Today, AARP announced the awardees for its 2018 AARP Community Challenge grant program, including 3 recipients right here in Vermont.  A total of $1.3 million will be distributed to fund 129 “quick action” projects across the country, helping communities make immediate improvements and jumpstart long-term progress to support residents of all ages. Nearly 1,600 applications were received from non-profits and government entities for the program, now in its second year. Each of the projects, which must be completed by November 5, is designed to achieve on one or more of the following outcomes:

  • Deliver a range of transportation and mobility options that increase connectivity, walkability, bikeability, and/or access to public and private transit.
  • Create vibrant public places that improve open spaces, parks and access to other amenities.
  • Support the availability of a range of housing that increases accessible and affordable housing options.
  • Address other issues of importance for communities.
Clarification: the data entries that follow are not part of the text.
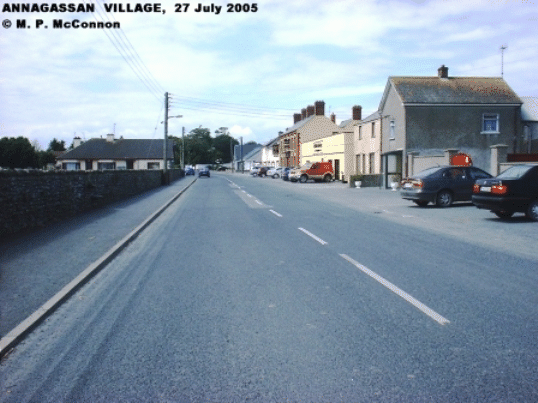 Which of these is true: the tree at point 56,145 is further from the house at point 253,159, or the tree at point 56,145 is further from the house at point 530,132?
the house at point 530,132

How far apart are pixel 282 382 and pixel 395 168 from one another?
36233mm

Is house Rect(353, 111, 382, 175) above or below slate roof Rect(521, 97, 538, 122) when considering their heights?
below

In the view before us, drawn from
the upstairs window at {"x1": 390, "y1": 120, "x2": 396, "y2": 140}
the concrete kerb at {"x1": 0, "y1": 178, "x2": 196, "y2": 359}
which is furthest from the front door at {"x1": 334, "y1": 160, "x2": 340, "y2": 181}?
the concrete kerb at {"x1": 0, "y1": 178, "x2": 196, "y2": 359}

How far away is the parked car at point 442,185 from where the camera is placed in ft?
62.9

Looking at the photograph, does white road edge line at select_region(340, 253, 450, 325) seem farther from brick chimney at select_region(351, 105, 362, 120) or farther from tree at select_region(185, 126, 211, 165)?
tree at select_region(185, 126, 211, 165)

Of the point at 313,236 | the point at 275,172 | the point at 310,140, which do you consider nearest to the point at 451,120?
the point at 313,236

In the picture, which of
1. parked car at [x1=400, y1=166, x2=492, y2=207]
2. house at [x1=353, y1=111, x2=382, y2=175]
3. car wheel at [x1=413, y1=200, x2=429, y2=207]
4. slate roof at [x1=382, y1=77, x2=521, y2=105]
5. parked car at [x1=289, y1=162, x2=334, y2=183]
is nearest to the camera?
parked car at [x1=400, y1=166, x2=492, y2=207]

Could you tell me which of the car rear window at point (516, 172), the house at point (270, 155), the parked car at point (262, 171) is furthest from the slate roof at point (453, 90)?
the house at point (270, 155)

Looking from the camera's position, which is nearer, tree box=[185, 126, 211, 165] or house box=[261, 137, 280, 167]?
house box=[261, 137, 280, 167]

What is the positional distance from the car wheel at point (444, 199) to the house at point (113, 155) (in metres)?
67.0

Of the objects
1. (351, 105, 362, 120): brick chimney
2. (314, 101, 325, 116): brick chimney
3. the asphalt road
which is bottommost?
the asphalt road

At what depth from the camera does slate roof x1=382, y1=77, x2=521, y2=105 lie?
35.8 m

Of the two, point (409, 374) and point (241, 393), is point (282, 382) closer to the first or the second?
point (241, 393)

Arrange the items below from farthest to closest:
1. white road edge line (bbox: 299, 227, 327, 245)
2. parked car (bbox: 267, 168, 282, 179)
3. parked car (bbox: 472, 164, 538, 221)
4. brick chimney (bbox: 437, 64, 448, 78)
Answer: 1. parked car (bbox: 267, 168, 282, 179)
2. brick chimney (bbox: 437, 64, 448, 78)
3. parked car (bbox: 472, 164, 538, 221)
4. white road edge line (bbox: 299, 227, 327, 245) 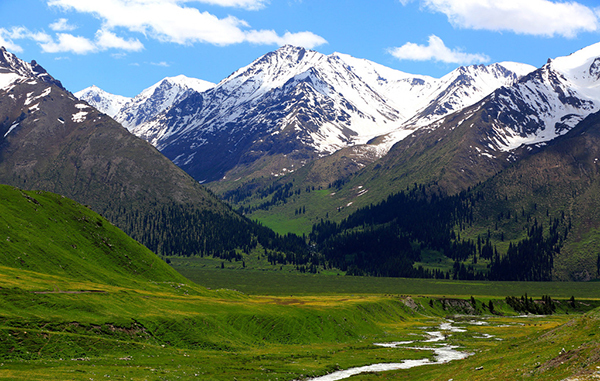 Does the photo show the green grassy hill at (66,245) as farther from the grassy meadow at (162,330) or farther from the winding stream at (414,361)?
the winding stream at (414,361)

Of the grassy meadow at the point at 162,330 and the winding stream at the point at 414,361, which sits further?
the winding stream at the point at 414,361

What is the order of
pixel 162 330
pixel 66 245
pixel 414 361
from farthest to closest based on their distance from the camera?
1. pixel 66 245
2. pixel 414 361
3. pixel 162 330

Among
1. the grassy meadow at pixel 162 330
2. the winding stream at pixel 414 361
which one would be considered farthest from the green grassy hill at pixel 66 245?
the winding stream at pixel 414 361

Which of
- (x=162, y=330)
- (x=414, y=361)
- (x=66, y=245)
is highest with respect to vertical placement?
(x=66, y=245)

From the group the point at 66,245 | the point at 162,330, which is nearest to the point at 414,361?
the point at 162,330

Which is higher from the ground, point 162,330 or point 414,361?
point 162,330

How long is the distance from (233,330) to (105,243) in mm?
75299

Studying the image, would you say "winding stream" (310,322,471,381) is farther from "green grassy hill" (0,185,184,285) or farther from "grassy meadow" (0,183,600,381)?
"green grassy hill" (0,185,184,285)

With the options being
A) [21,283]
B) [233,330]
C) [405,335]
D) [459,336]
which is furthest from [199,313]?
[459,336]

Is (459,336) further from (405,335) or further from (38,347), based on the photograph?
(38,347)

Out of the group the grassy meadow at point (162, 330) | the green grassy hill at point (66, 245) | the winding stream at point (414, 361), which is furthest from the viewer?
the green grassy hill at point (66, 245)

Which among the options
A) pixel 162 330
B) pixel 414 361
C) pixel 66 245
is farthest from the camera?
pixel 66 245

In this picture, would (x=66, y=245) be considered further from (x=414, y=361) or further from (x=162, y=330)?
(x=414, y=361)

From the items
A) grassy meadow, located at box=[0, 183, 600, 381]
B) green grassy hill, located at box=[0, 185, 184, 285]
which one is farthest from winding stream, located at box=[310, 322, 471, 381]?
green grassy hill, located at box=[0, 185, 184, 285] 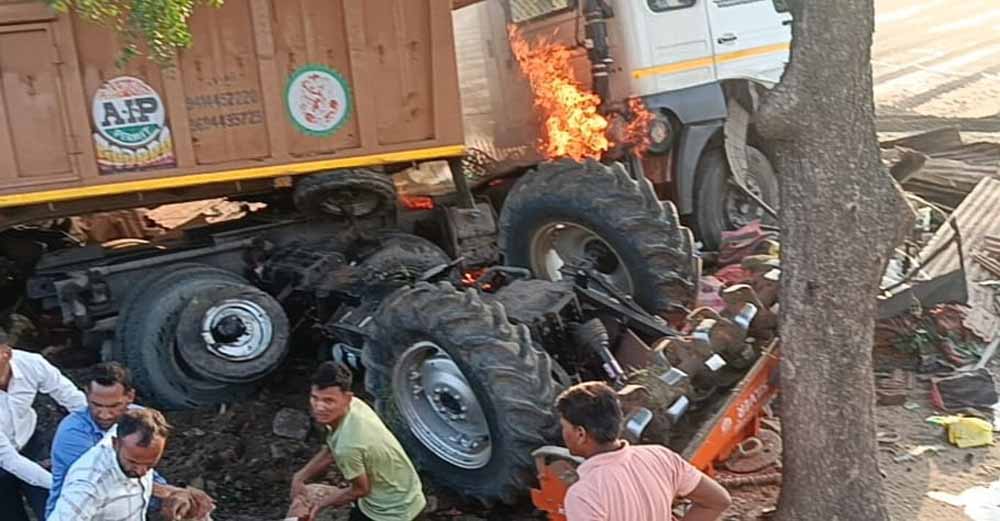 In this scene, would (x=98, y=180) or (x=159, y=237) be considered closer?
(x=98, y=180)

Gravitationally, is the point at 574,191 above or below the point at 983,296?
above

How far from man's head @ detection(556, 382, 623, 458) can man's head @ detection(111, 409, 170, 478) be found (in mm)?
1589

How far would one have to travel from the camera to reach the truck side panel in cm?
675

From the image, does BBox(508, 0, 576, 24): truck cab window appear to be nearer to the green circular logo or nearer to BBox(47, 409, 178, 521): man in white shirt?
the green circular logo

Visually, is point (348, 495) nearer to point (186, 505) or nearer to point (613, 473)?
point (186, 505)

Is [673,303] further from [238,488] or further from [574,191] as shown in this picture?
[238,488]

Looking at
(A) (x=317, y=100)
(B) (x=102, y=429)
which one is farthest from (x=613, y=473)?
(A) (x=317, y=100)

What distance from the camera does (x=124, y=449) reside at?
3852mm

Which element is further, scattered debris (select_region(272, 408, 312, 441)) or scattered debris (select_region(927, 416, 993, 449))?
scattered debris (select_region(272, 408, 312, 441))

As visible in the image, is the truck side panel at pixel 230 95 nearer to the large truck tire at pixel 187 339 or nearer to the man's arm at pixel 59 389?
Answer: the large truck tire at pixel 187 339

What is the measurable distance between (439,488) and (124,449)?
239cm

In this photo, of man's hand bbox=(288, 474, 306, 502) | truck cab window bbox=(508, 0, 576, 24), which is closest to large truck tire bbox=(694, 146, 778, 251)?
truck cab window bbox=(508, 0, 576, 24)

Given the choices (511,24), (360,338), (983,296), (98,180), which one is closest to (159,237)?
(98,180)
Here in Vermont the grantees include:

Bethel: Town of Bethel Recreation Department – $5,000
The grant will enable the construction of a pathway connecting a school to recreational trails, enabling residents to more easily access outdoor social and physical activities.

Swanton: Village of Swanton – $4,000
The grant will help create a demonstration project of traffic calming features, including an island of raised flower beds, the installation of trees and shrubs, and the renovation of a crosswalk.
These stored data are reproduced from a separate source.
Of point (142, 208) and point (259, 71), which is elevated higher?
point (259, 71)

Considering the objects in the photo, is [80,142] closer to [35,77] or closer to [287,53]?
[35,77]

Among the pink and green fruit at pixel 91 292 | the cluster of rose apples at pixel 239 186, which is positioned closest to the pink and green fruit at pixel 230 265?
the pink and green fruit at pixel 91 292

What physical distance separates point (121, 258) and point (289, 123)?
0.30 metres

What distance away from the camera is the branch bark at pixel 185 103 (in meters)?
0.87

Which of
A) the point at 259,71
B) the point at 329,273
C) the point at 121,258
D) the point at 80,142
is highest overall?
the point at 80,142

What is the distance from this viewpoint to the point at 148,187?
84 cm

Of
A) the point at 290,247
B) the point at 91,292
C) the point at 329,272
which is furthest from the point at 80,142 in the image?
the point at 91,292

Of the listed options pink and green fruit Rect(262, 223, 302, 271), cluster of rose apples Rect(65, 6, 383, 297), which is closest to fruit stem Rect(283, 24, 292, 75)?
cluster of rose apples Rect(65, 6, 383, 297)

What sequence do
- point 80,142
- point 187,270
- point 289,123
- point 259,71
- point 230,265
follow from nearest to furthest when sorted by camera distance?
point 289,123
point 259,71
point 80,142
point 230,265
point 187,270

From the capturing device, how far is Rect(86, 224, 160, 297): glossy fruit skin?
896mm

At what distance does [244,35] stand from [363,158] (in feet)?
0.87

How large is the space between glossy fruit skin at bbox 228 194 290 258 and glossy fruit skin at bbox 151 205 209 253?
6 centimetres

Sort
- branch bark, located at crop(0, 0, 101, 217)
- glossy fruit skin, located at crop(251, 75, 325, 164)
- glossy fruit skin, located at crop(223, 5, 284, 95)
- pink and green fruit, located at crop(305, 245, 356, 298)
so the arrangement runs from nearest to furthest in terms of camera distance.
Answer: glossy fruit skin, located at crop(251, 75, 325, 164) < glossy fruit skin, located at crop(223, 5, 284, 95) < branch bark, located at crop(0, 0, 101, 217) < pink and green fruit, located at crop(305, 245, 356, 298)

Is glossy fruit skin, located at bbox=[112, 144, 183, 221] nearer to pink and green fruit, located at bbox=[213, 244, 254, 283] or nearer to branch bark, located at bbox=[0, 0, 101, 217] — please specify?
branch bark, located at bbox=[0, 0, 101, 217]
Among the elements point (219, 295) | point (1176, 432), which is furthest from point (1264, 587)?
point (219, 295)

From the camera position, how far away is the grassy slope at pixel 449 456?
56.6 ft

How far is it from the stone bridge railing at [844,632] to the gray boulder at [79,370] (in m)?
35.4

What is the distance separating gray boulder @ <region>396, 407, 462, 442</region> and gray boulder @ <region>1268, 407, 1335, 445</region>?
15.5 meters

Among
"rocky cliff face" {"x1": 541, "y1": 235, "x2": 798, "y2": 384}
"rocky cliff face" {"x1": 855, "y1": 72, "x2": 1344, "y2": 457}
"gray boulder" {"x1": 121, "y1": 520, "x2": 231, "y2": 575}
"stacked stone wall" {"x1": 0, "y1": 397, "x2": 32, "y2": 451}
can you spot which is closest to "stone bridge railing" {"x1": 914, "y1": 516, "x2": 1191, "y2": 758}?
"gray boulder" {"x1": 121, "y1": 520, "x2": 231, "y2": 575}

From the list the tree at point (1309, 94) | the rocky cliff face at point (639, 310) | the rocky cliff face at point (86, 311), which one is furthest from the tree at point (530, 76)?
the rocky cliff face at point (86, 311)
West Rutland: Town of West Rutland – $10,000
The grant will allow for the creation of pedestrian walkway to the West Rutland Recreation Area, providing access to the Clarendon River and forest for all residents.

 

“AARP Vermont is pleased to announce these grants that will help these communities address critical transportation-related issues and improvements,” said Greg Marchildon, AARP Vermont state director. “These are great examples of how communities can begin to take steps to make their towns great places to grow old. We look forward to working with them to make it happen.”

“AARP has teams on the ground in communities across the country who hear from mayors, community leaders and local residents about the value of getting quick wins to create long-term change. We developed the Community Challenge Grant Program to answer that call and help build momentum for more livable communities nationwide,” said Nancy LeaMond, AARP Executive Vice President, Community, State and National Affairs. “This year, we are proud to fund more projects in more communities in all 50 states, Washington, D.C. and Puerto Rico.”

The Community Challenge grant program is part of AARP’s nationwide Livable Communities initiative that helps communities become great places to live for residents of all ages. AARP staff and volunteers are working with roughly 300 communities across the country, engaging and mobilizing community residents, delivering technical assistance and expertise to local leaders and organizations, and supporting the work of the 275 communities and two states that have enrolled in the AARP Network of Age Friendly States and Communities.  AARP also provides resources and publications to encourage local action such as the Roadmap to Livability and the AARP book-series Where We Live: Communities for All Ages.